Compte rendu du salon I-Expo 2011 : Partie 1 « Confidentiel entreprise ? » quelles protections pour les informations stratégiques ?

I-Expo millésime 2011 s’est déroulé le 18 et 19 mai dernier au parc d’expositions de la porte de Versailles, lieu de rencontre pour les fournisseurs de solutions de veille, de fournisseurs de contenus ou encore de logiciels de gestion des connaissances (Knowledge Management). L’occasion aussi d’assister à des conférences plénières sur des thèmes variés, tels que le droit de l’information, l’accès aux ressources de l’entreprise en mobilité, la vague de l’Open Data qui commence à poindre en France ou encore les réseaux sociaux d’entreprise.

La première conférence plénière à laquelle j’ai assisté concernait les problèmes de confidentialité en entreprise et les moyens d’y pallier. Pour en parler, nous avions le Général Jean-Michel Chéraud, directeur de la protection du groupe Areva ainsi que Maître Alain Bensoussan

 

La protection des informations chez Areva, par Jean-Michel Chéraud

La structure du service de protection reste classique chez Areva, bien qu’elle soit en cours d’évolution à la suite des enlèvements de personnels en septembre 2010. Le fonctionnement initial reposait sur quatre piliers (personnes, installations, informations, intelligence économique), et il a fallu adopter une position plus transverse, en croisant la logique métier et la logique de milieu (appliqué au cycle de travail d’Areva).

La direction de la protection de l’information doit faire face à plusieurs contraintes :

  • Respecter les règlementations nationales et internationales ;
  • Les clauses contractuelles avec un partenaire ou un client
  • La volonté d’Areva de protéger son propre patrimoine informationnel.

Le groupe Areva s’est doté d’une démarche globale bâtie à partir d’une approche par niveau de préjudice.
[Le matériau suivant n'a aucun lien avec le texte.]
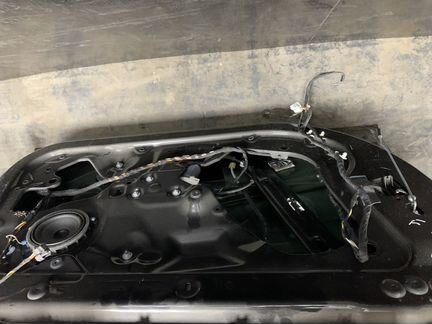 Дверь Bmw Gt F30 2017 передняя левая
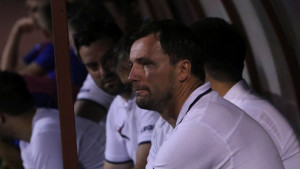 Denis Ćorić novi trener HŠK Posušje?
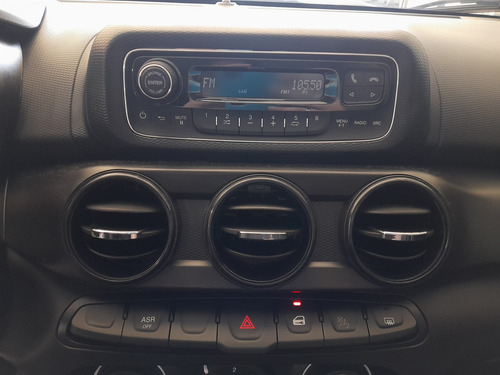 Fiat Cronos 1.3 Gse Drive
Pour une information, on identifie le préjudice qu’elle peut causer et on en détermine sa sensibilité et sa confidentialité :

  • Diffusion limitée Areva (mesures humaines)
  • Confidentiel areva (mesures plus actives tels que le contrôle d’accès)
  • Secret Areva  (aucun risque accepté, « blindage »)

Areva a du pour cela recenser tous les risques métier, au travers de guides métiers (17), définition de panels de moyens de protection standards avec l’informatique, promotion et formation d’un référent de la protection de l’information présents dans toutes les entités .

  • Écueils juridiques : manque de socle juridique (arrêté juillet 2010), multiplicité des textes dans un contexte international, les attaques ne sont plus forcément matérielles et pas toujours détectables, les informations ont une durée de vie très courte et qui sont de plus en plus partagées,
  • Écueils techniques : Il manque des solutions de protection françaises pérennes et ergonomiques. Les outils doivent être simples d’emploi, de même que les règles pour éviter que les salariés soient tentés de les contourner.
  • Écueils culturels : manque de distinction de vie privée et professionnelle, conscience professionnelle limitée dans certaines contrées, turn-over du personnels, problème du « paraître » (la faute à l’iPhone, si on n’en a pas, on n’a pas d’iPhone) qui n’est pas comblé par l’équipement professionnel, peu d’intérêt pour la protection de l’information.
  • Écueils financiers : le problème de la réduction des coûts est un facteur très négatif.
  • Problème du nomadisme : les déplacements des managers avec leur patrimoine informationnel.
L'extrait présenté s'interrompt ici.